Dismissing the Crazy Cage scale etc. for a moment, and observing what 8mm is actually about, it is arguable to suggest that, as a film, it really is a product of its time and could not be made now. 8mm’s lack of possibility to be made in 2019 is not because of its vulgarity here and there, but because of pornographic movie consumption being parallel to watching videos on YouTube, and no longer having a meaningful or infamous presence on VHS. Do people even buy porn mags anymore either? Additionally, 8mm is quite remarkable in that it is a film about porn which is not a drama or comedy. Preceding 8mm’s 1999 release, the acclaimed Boogie Nights and porn-parody Orgazmo were both released in 1997 (US), and then fast-forward to 2008, you have Zack and Miri Make a Porno.
Unlike Boogie Nights, 8mm was not received well by critics and did not receive any Oscar nominations like the PTA hipster hit. Instead, its sadism and general vulgarity were criticised. Despite the 90s possessing a slight revisionism of being 100% edgy and dangerous, 8mm was a little too hot to handle. But maybe the hottest aspect of 8mm was its director, Joel Schumacher, directing this film straight after Batman & Robin – from Bat-nipples to dodgy porn, essentially.

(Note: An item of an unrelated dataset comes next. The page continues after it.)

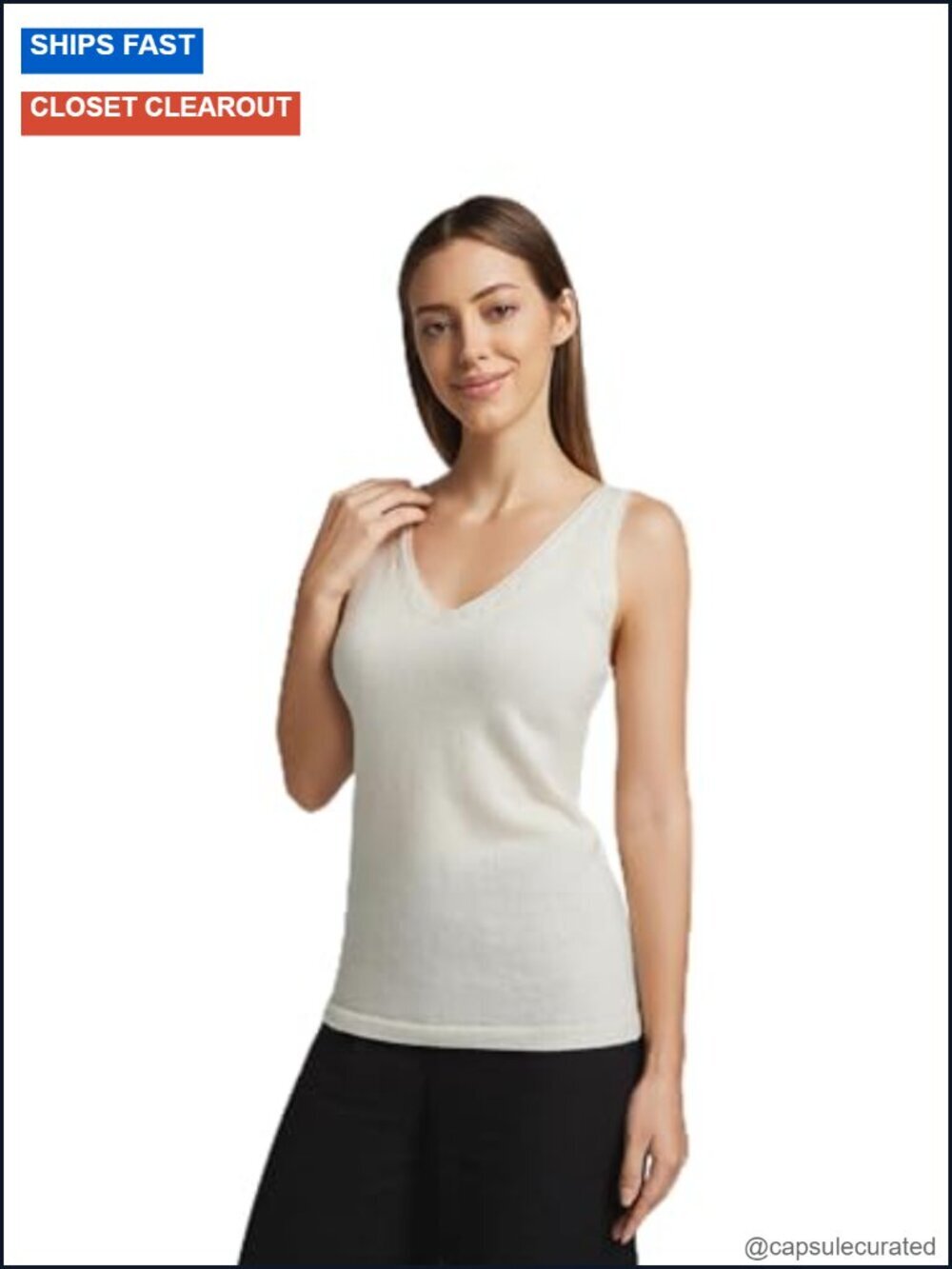Sleeveless V-Neck Cashmere Camisole Tank Top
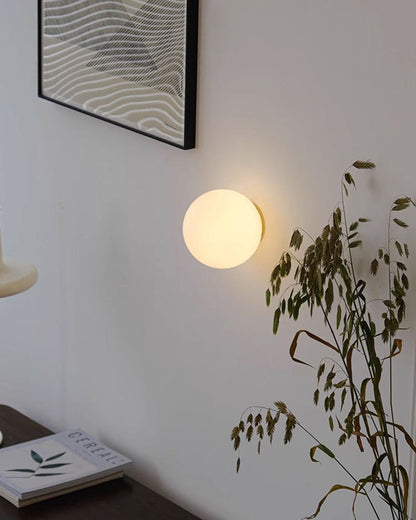 WOMO White Globe Glass Wall Sconce-WM6124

Ultimately, how is 8mm remembered? Ironically, the early 90s was slightly contagious of films centering on the erotica of sex (Basic Instinct and Slither), but come the end of the decade, you are presented with the vulgar and malicious sides of sex, in 8mm – the 90s started with the good, and concluded with both the bad and ugly. 8mm is great in that it was ballsy enough to attempt a story exploring this side of pornographic film. Like many great films, 8mm has a sequel: 8mm 2. And like many direct-to-video sequels, 8mm 2 has no connection to the original film.